Author: Ramesh Aroli
Author Affiliation: Department of Journalism, Kamala Nehru College, University of Delhi
Abstract: In India, media scholars who worked on the Indian language press and its role in reshaping the regional societies have often looked at the circulation figures and data that is readily available for access. For instance, works of Robin Jeffery (2003), Aravind Rajagopal (2009), Sevanti Ninan (2007) and Tabrez Ahmad Neyazi (2014) have especially brought to light some subtle and theoretical understanding of media in the regional spaces. And the methods suggested by these scholars are quite suitable to study the ‘mainstream-commercial media’ and its political economy.
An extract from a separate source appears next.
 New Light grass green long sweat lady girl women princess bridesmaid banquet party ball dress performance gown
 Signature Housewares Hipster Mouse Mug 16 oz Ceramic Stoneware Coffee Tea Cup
But to conceptually engage with the ‘popular’ or ‘tabloid’ papers like Lankesh Patrike, which is often said to be ‘radical’ ‘progressive’ or ‘yellow paper’, one need to actually look at the diverse dialogue that popular print establishes with the ordinary people and position itself, as an alternative to the issues, forms and audiences of the journalistic mainstream. Apart from tracing the Kannada tabloid history, this personal note on Gauri Lankesh and her tabloid, tries to understand the ways in which she got engaged with the Kannada regional reading in public and broke the gender stereotypes in tabloid journalism.
Keywords: Popular print, Tabloid press, Public Sphere, Kannada reading public.